The reason non-Hindus don’t unite in defense of a Jew as a fellow non-Hindu is because, whether they are Christians, Jains, or Jews, ‘non-Hindus’ belong to philosophical communities that carry more weight than ‘non-Hinduism.’  Non-Hinduism may be a definable set of people, but it’s not an interesting or compelling one.  And, most of the time, neither is atheism.  Although atheism may be a very important political category when dealing with church-state issues and creationism, it is pretty well near useless as a philosophical category.
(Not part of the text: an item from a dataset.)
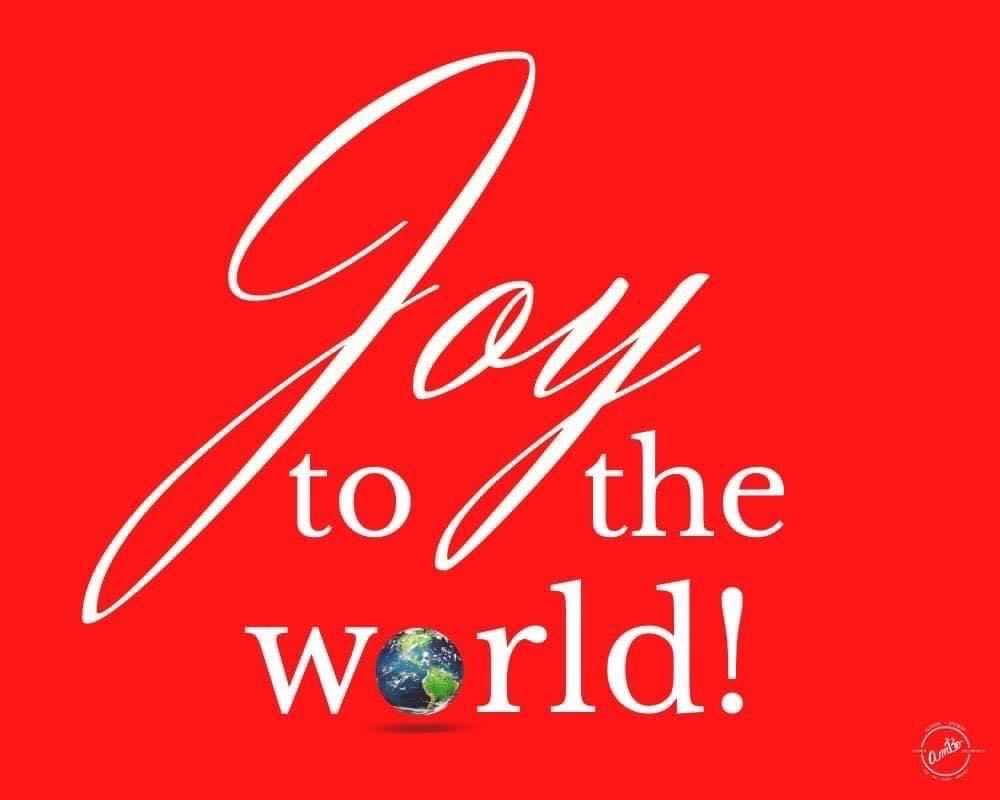 A red background with the words joy to the world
Atheists belong to some other group, even if that group doesn’t have a well known name or tradition.  Some atheists are nihilists, some are existentialist, and some are crazy, mixed up proponents of absolute moral law like me, but we all have actual beliefs to defend beyond our lack of belief in God.  If you talk about atheists as  having a primary loyalty to the philosophical category of athiesm, you’re going to run into trouble, just as a couple of prominent atheist blogs did this week.

John Loftus of Debunking Christianity posted an excerpt from one of his books which stated:

When Christians ask if I have taken the outsider test for my own “belief system,” I simply say “yes I have, that’s why I’m a non-believer.”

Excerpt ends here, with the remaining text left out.